Encyclopedia Brunoniana

Federal Adelphi

The Federal Adelphi was the first organization made up of graduates of the college. It had its origin in the refusal by the Harvard branch of Phi Beta Kappa of the application of Rhode Island College to form a new branch. This happened in 1790. Harvard’s excuse for refusing the application was that “the Providence College admitted as Sophimores (sic) persons who would not rank as Freshman at Cambridge.” The applicants resolved to form their own society, but the death of President Manning and the unsettled condition of the college intervened and it was not until 1797, when Jonathan Maxcy, who had been president pro tem for five years, was appointed president, that the formation of the society was actively taken up again. The Federal Adelphi was composed of holders of college degrees, members of the learned professions, and seniors and juniors in the College. David Howell, the first professor after President Manning, was the first president of the society. There were three public disputations each year in the chapel, and at Commencement time there was a public meeting and a banquet. “Old Citizen,” writing in the Providence Journal on July 2, 1851, recalled the festivities on the day after Commencement:

“Many an aching head longs for its pillow commencement night. ... We arose on Thursday morning resolved to be cured by a repetition of a similar round of literary excess.
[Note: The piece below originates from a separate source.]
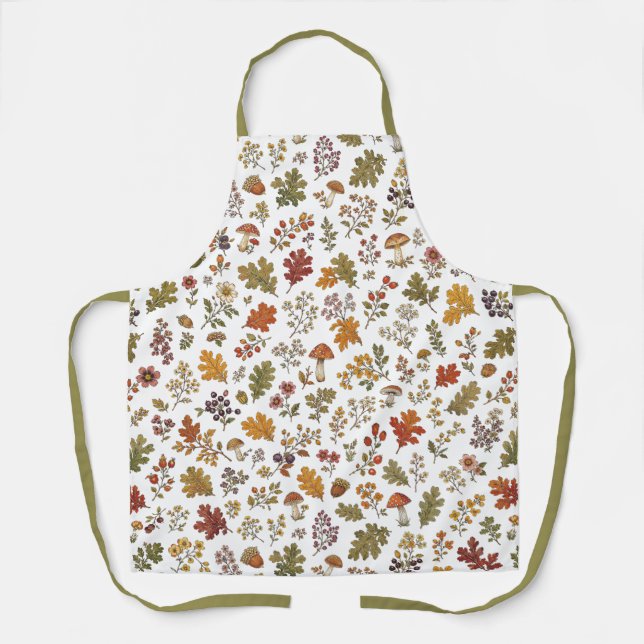 Rustic Fall Leaves Mushroom Woodland Pattern Apron (Front)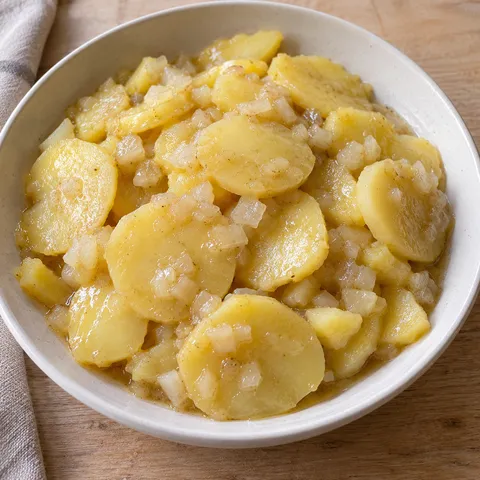 Kartoffelsalat mit glänzenden Kartoffelscheiben und gegarten Zwiebelwürfeln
At ten o’clock, ‘The Federal Adelphi’ met at college to elect their officers, and then to go in procession to some meeting-house, and hear an oration from some old graduate. This society was supposed to consist of the most talented, as well as the most wealthy, children of Alma Mater. Associated under their half-English name, decorated with blue ribbons, and no silver medals, professing mysterious rites of initiation and advantages unutterable to the initiated, and always meeting the day after commencement and having a good dinner, if not a good oration, and good wine in plenty, the society was a very popular one. They generally finished their literary repast, and the necessary labors of the society, by two o’clock in the afternoon, and then sat down to dinner with clearer heads than they could boast of when that ceremony was over.”
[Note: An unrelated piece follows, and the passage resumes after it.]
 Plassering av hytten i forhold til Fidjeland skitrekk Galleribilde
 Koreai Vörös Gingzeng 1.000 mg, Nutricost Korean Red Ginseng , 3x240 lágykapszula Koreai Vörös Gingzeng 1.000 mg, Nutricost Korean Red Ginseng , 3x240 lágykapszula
The end of the Federal Adelphi, as well as its beginning, was brought about by Phi Beta Kappa. In 1830 President Francis Wayland’s application for a branch of that society was granted. Soon after its establishment some of the Federal Adelphi were invited to membership and others were not. The Providence newspaper, The American, on September 10, 1831 foretold the dissolution of the Federal Adelphi even as it reported its latest celebration:
“This Society ... although apparently about to be superseded by a rival institution borrowed from a neighboring State, has recently held perhaps the most brilliant celebration that ever has, or ever will adorn its records. ... From some cause, however, not yet explained, a portion of the active members of the Adelphi were invited to become members of the Phi Beta, while others, of at least equal pretensions in scholarsly and literary pursuits, were not called upon for that purpose.... Most of those who have not joined the Phi Beta, decline acting as members of the Adelphi, considering that those who have become members of what they believe to be an injuriously rival institution ... claim the right of acting alternately, or simultaneously, in the capacity of members of the Phi Beta and of the Adelphi, being at liberty to state in the former, all the proceedings that take place in the latter; while they are under obligations not to reveal to the latter any thing that transpires in the former.”
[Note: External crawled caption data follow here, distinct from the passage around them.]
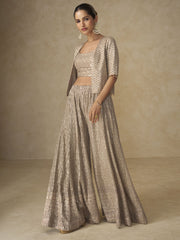 Beige Crop Top Style Indo Western Palazzo Suit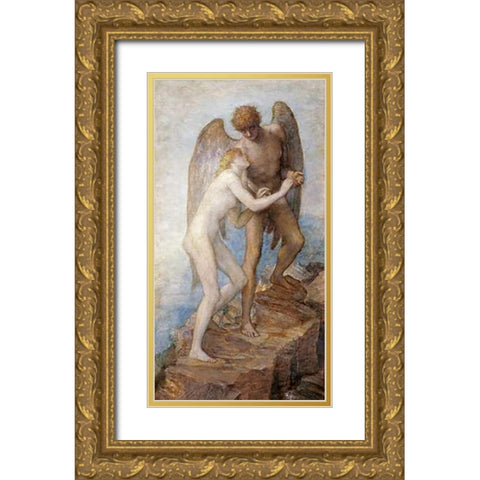 Love and Life Gold Ornate Wood Framed Art Print with Double Matting by Watts, George Frederick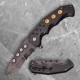 Black Liner Lock Folder with Stonewashed Tanto Blade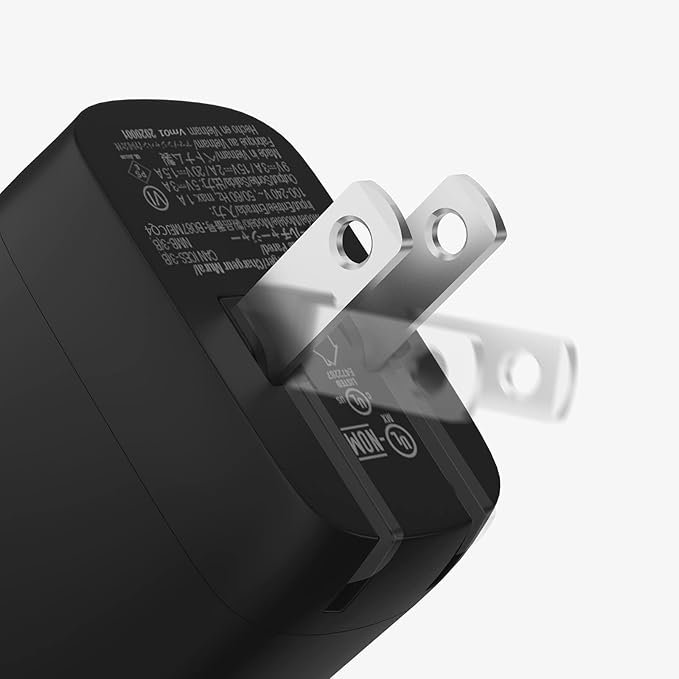 Amazon Basics 30W One-Port Foldable GaN USB-C Wall Charger with Power Delivery PD for Tablets & Phones (iPhone 16/15/14/13/12/11/X, iPad, Samsung, and More), Compact Travel Charger, Non-PPS, Black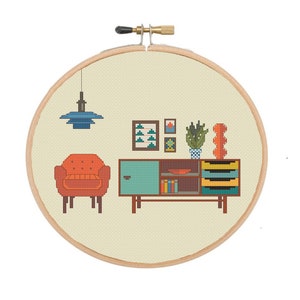 Mid-Century Modern Living Room Cross Stitch Pattern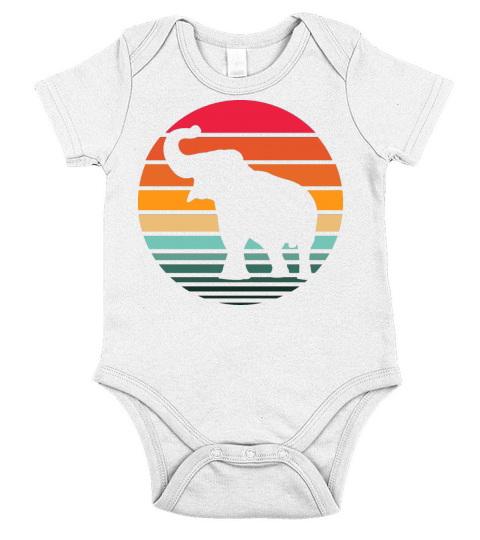 Vintage Elephant Short Sleeve Baby One-Piece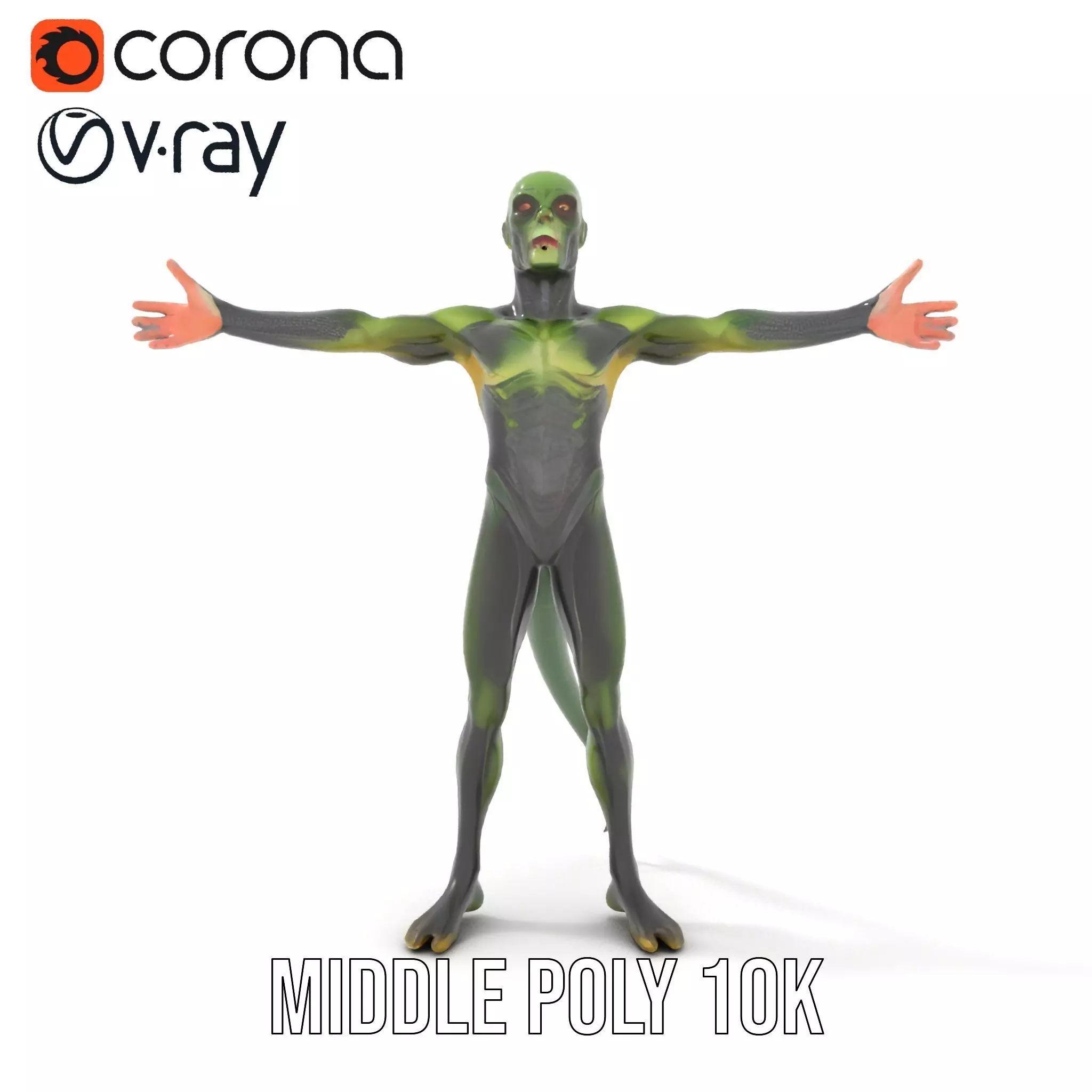 Reptilian Alien Character Model Pack Low-poly 3D model_15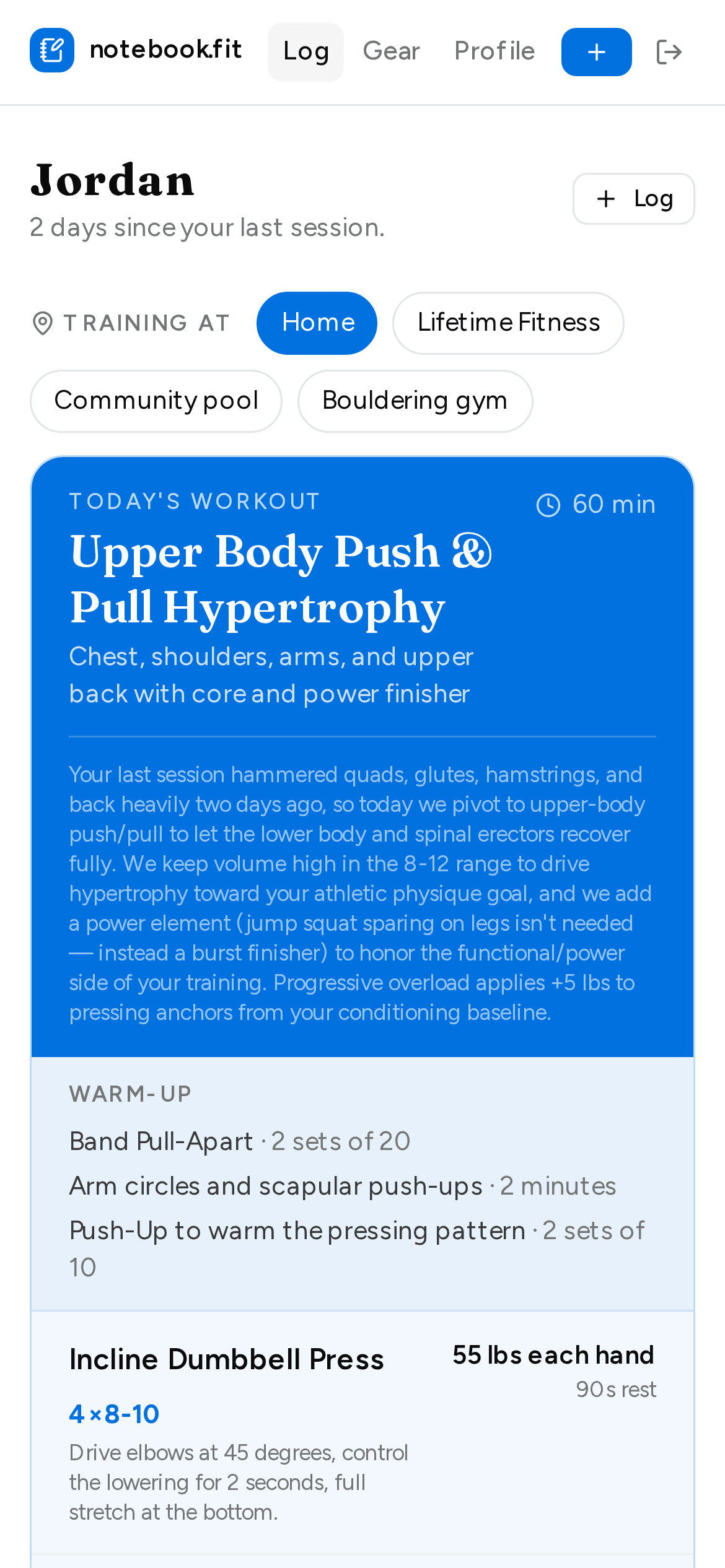 The home screen on a phone: pick where you are training today, then today's card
In 1831 Tristam Burges 1796, resigning after many years as president of the Federal Adelphi, delivered an eloquent address. The American, reporting the Phi Beta Kappa exercises for that year, said of Francis Wayland’s oration, “The subject was the philosophy of analogy, and we were startled by the announcement of the orator that this was a new subject,” and observed of Silas Deane’s poem which followed, “Had Mr Deane left off in the middle of his poem, he would have been pronounced a wit; but continuing as he did, one hour and a quarter, without any marked elegance in elocution, he was generally set down as a bore.” After 1835 the meetings of the Federal Adelphi ceased.